Hier, dimanche 9 septembre, 13h00, environ. J’ai pris le métro. Sur les panneaux d’affichage lumineux, il y avait d’inscrit Mercredi 5 février, 16h46. Pendant une fraction de seconde, j’y ai cru. J’ai pensé qu’on était bel et bien en février, que la Saint-Valentin s’en venait, que le temps des Fêtes venait à peine de se terminer; j’y ai cru, à cette date improbable, à cette heure absurde. Je me suis dit que j’avais peut-être eu un moment d’égarement, ou que j’avais trop dormi, et que voilà, enfin, je me réveillais, de retour à la réalité après une longue pause. Station Sherbrooke, je sors. Dehors, il fait mi-soleil, mi-nuage. Mais aucune trace de neige. Je suis déçue. J’aurais aimé que tout cela soit vrai, qu’on soit en février, et hop! Cinq mois d’écoulés sans que je m’en rende compte, un saut dans le temps, une petite pirouette. Une petite fuite vers l’avant…


J’ai marché sur les trottoirs exempts de slush et de gadoue, m’abreuvant des quelques rayons qui consentaient à se rendre jusqu’à mon visage. Je suis arrêtée au café Cherrier prendre un expresso – Le plus fort possible s’il vous plaît. Je n’aime pas le café, mais j’avais envie de quelque chose de puissant. Et il était trop tôt pour commander un Martini. Pendant quelques secondes, je me suis sentie comme à Paris. Dépaysement nécessaire.

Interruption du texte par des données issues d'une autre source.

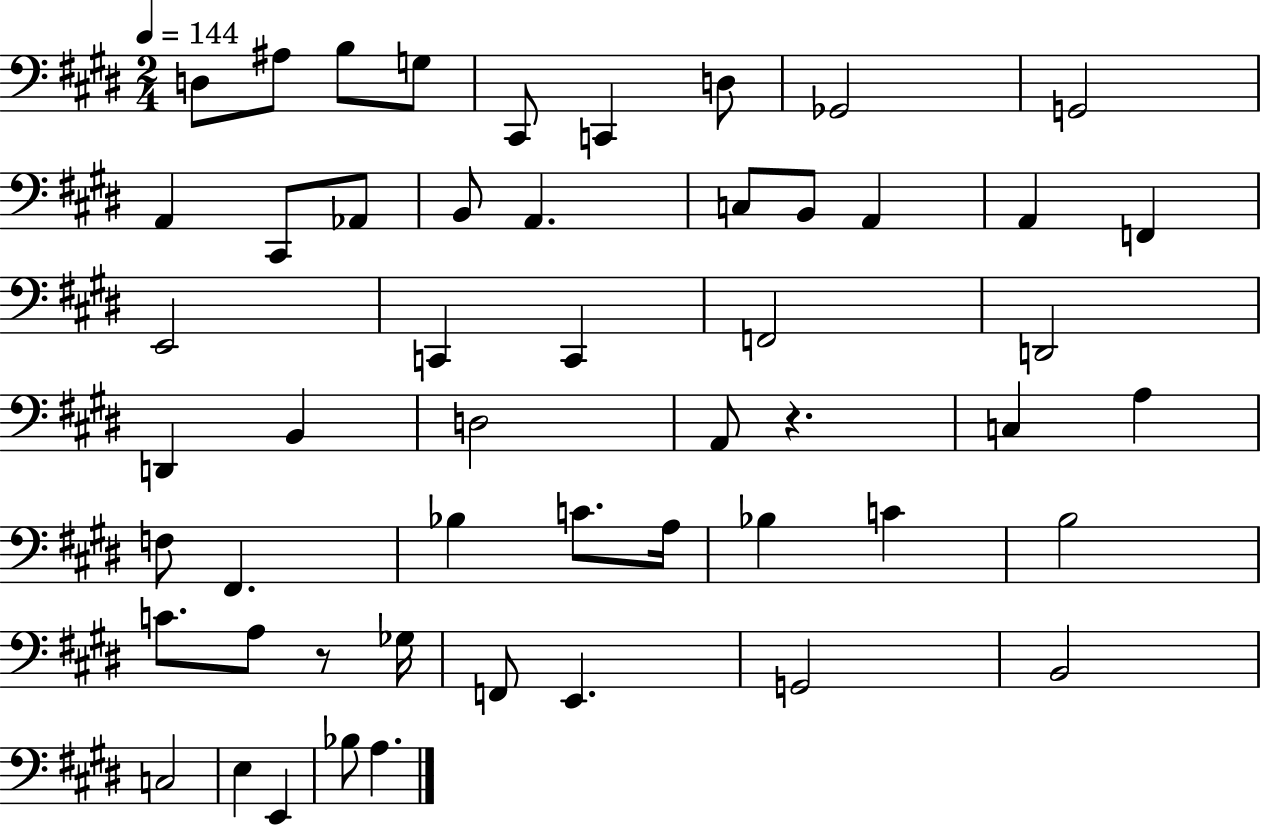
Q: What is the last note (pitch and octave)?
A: A3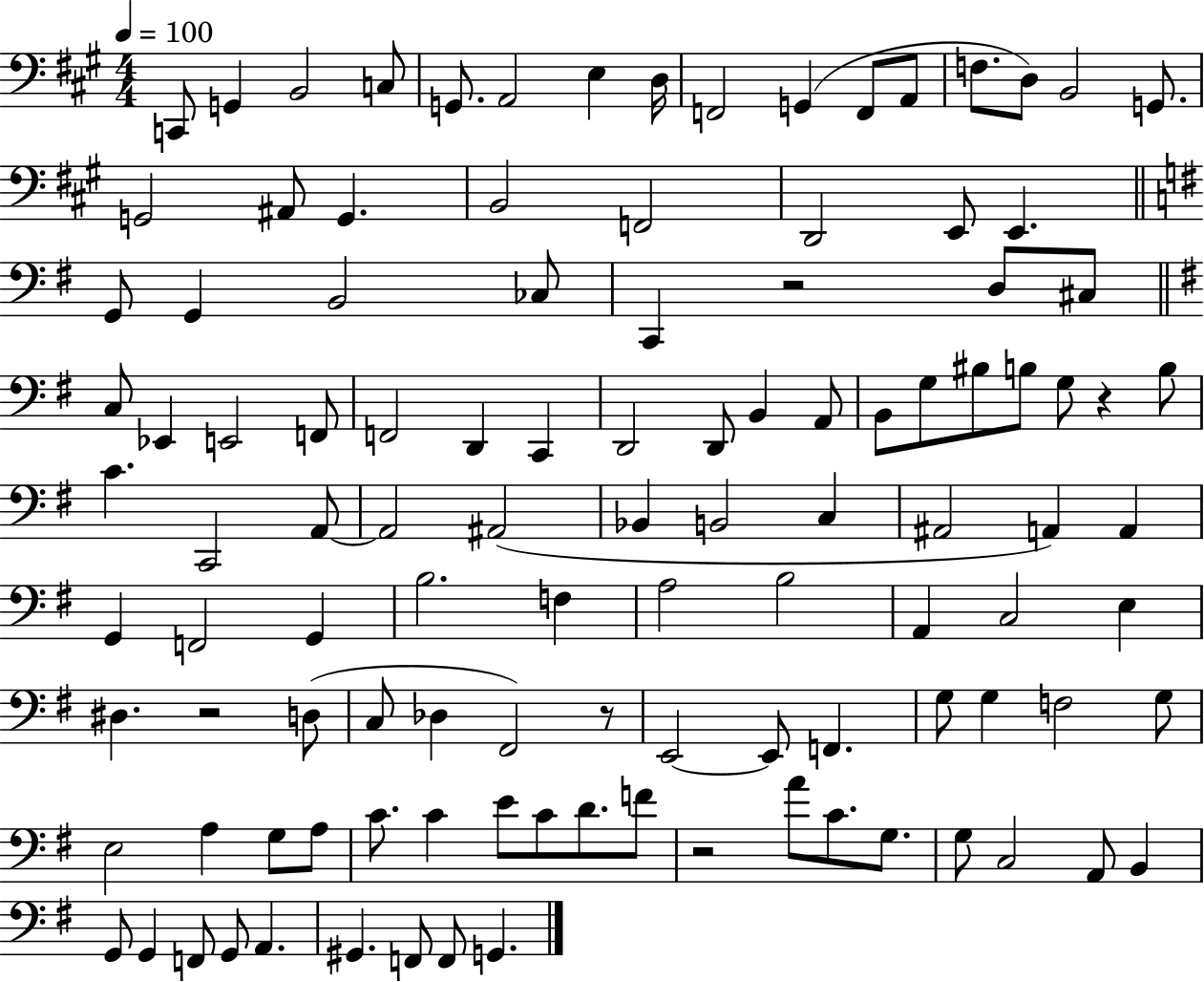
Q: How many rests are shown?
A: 5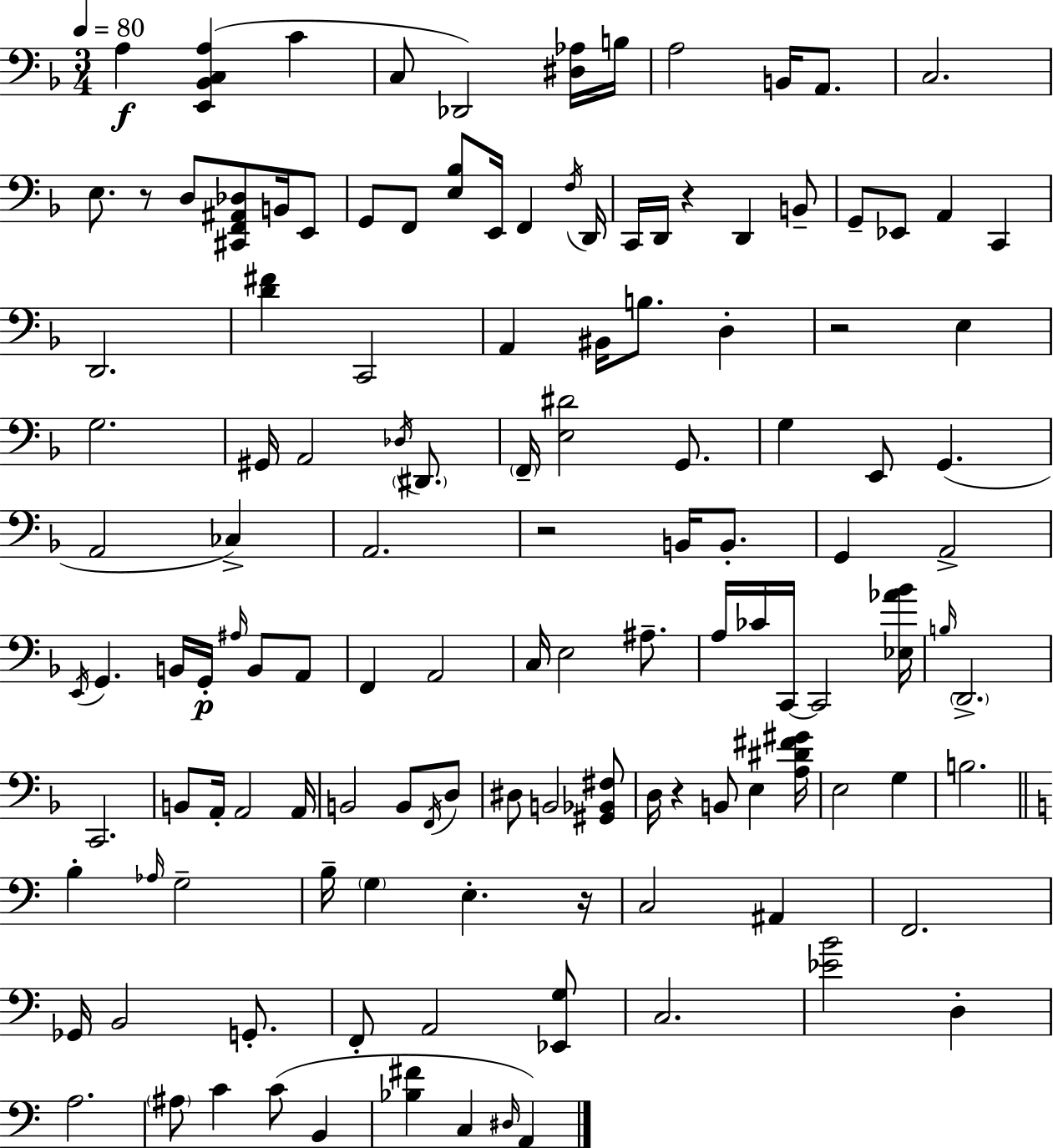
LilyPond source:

À ma gauche, un maghrébin enfilait les expresso comme on enfile les bas de laine les journées froides d’hiver – mais j’ai regardé par la fenêtre, et non, toujours pas de neige. À ma droite, un homme austère – la quarantaine semblait lui peser lourd sur les épaules – descendait tranquillement un Perrier. Tranquillement, et à intervalles réguliers. Chaque trente seconde, il prenait une gorgée et redéposait son verre sur le zinc d’un geste lent mais convaincu, produisant un son rond et triste qui me tirait de mes rêveries – toc. Le petit manège de mon voisin vraisemblablement obsessif-compulsif et déprimé m’aurait probablement, en d’autres circonstances, tombé royalement sur les nerfs, mais à ce moment précis, il s’avéra plutôt salvateur; c’était comme un électrochoc, une manœuvre tout à fait utile de réanimation - une bonne pression sur la poitrine, on fait la respiration artificielle, on compte, on compte, oui, oui, le patient vit encore. Tout n’est pas perdu.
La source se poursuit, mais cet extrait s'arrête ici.